Un jour Philippe-Auguste, en venant de Gaillon, passa auprès d'eux en inspectant les travaux du blocus: ils se jetèrent à ses genoux et le supplièrent de mettre fin à leurs misères. Le roi, saisi de pitié, ordonna de leur distribuer autant de vivres qu'ils en désireraient et de leur donner leur liberté; mais leur estomac avait tellement souffert de la faim que beaucoup moururent. Cependant, lassé de voir les opérations traîner aussi longtemps, le roi ordonna de tenter l'assaut; pour cela il fit établir un chemin couvert, de façon à s'approcher de la grosse tour située au sud et fit combler les fossés du château avec des fascines et des mottes de gazon, en ayant soin de protéger les ouvriers par des palissades. Il fit construire, avec de gros arbres abattus dans les bois voisins, un beffroi monté sur quatre roues; du haut de cette tour, qui dominait même les murailles de la forteresse, Blondin, Périgues et d'autres archers très habiles criblaient les assiégés de traits meurtriers. D'autres, munis de leurs frondes, lançaient des pierres; le roi lui-même encourageait leur ardeur et revint plus d'une fois son bouclier tout hérissé de flèches. De l'intérieur du château, un pierrier et un mangonneau lançaient sur les assaillants des grêles de pierres et les archers renvoyaient les flèches qui leur étaient adressées. Lorsque le fossé fut à peu près comblé, les assaillants appliquèrent leurs échelles vers l'autre bord du talus, au-dessus duquel était bâtie la grosse tour d'angle dont nous avons parlé ci-dessus. Mais les échelles se trouvèrent beaucoup trop courtes même pour arriver au pied des murailles. Alors, fichant leurs poignards dans la pierre, ils arrivèrent à se hisser jusqu'au pied des murailles; puis, se couvrant de leurs boucliers, ils aidèrent leurs amis à monter et commencèrent à miner le pied des murs, les soutenant avec des pièces de bois pour empêcher qu'ils ne vinssent à s'écrouler sur eux.

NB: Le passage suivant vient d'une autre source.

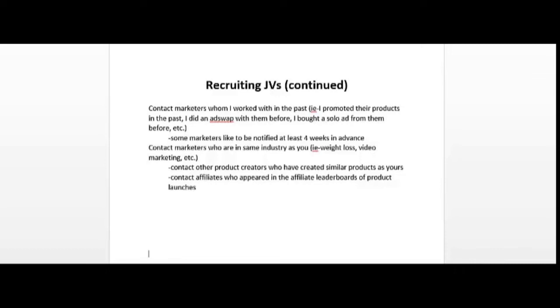You can also contact affiliates who have appeared in the affiliate leaderboards of product launches. As you can see, there is a lot of work involved when it comes to recruiting potential JV partners and affiliates. Depending on how badly you want your product launch to be a success, you may have to spend at least a month contacting and trying to recruit JV partners and affiliates.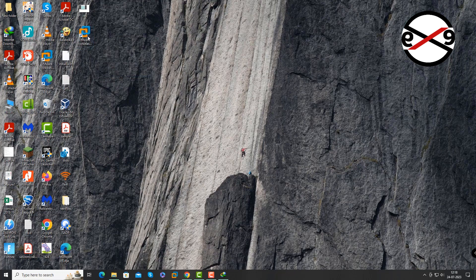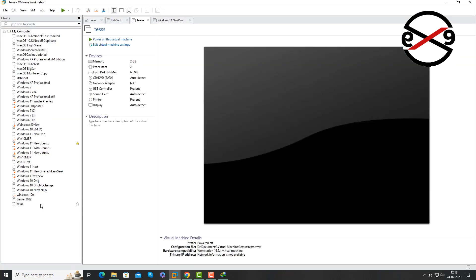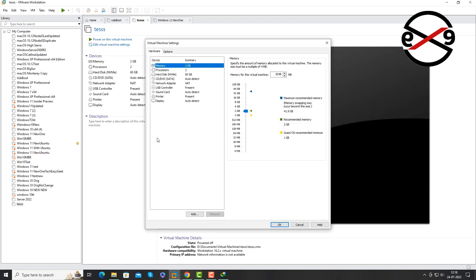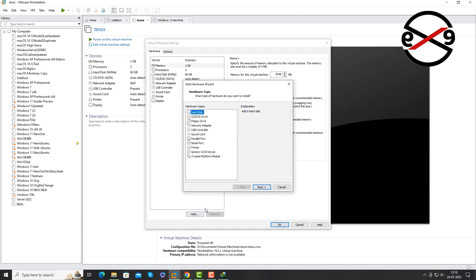Now you can try to open VMware. Add Hard Disk.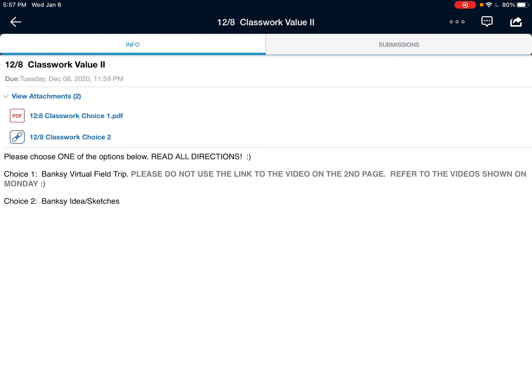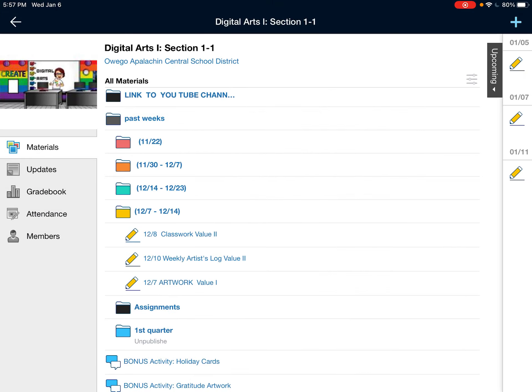If you didn't submit any work yet, it'll say no submissions, or it might have a grade that says zero. If you did submit your work, that's where you'll see the comments, the grade, and any other sort of attachment.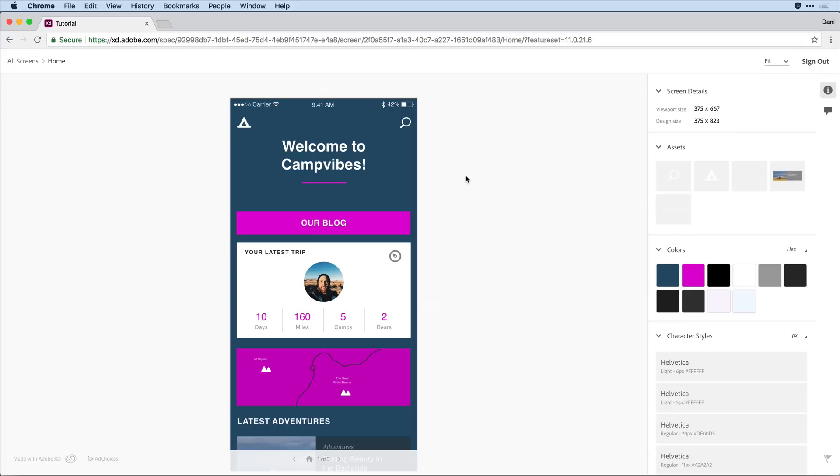Now obviously there's a great deal going on with Adobe XD. I hope you've enjoyed this introductory tutorial and that it's the beginning of a long relationship with the application.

Dès que la brèche fut assez profonde, ils mirent le feu aux boiseries et se retirèrent. Quelque temps après, l'enceinte s'écroulait avec un fracas formidable. Cadoc, un des plus braves officiers de Philippe, se précipita alors sur les ruines au milieu de la poussière, et planta sa bannière sur le point le plus élevé. Mais, malgré leur élan, les assaillants furent arrêtés par un fossé et une autre enceinte dans laquelle la garnison de Roger s'était précipitamment enfermée. Cependant les servants d'armes, Bogis, Eustache, Manassés, Ori, Gravier et autres, cherchaient le moyen de pénétrer dans ces murs. A l'ouest, le roi Jean avait fait construire, l'année précédente, un bâtiment contigu à la muraille; la partie basse servait à divers usages et l'étage supérieur de chapelle. Justement, dans la partie basse s'ouvrait une large fenêtre. Bogis, se hissant sur le dos de ses collègues et s'accrochant aux pierres, arrive à la fenêtre, et, pénétrant dans l'appartement, attache une corde pour faciliter l'escalade du reste de la troupe. Mais les portes étant fermées, ceux-ci les frappent avec leurs épées, en poussant de grands cris. Pour chasser les assaillants, des fascines sont mises contre les murs et contre les portes: les flammes montent jusqu'aux toits, mais brusquement le vent les pousse dans l'enceinte. Les portes étant tombées sous l'action des flammes, les assaillants se précipitèrent dans l'enceinte. Aveuglés par la fumée et les flammes, les assiégés se réfugièrent en toute hâte dans les caves, près des fossés. Pendant ce temps, Bogis et ses compagnons coupent les attaches du pont-levis, ce qui permet aux assiégés d'envahir l'enceinte et de forcer ceux qui s'étaient réfugiés dans les caves de se sauver et de regagner en toute hâte la seconde enceinte. A la suite de ces divers assauts, la garnison de Roger se trouva réduite à cent quatre-vingts hommes. Les assaillants, excités par leurs succès et les pertes de leurs adversaires, lancent aussitôt des poutres contre la porte qui donnait accès dans la dernière enceinte; mais une mine faite par les assiégés les force à se retirer.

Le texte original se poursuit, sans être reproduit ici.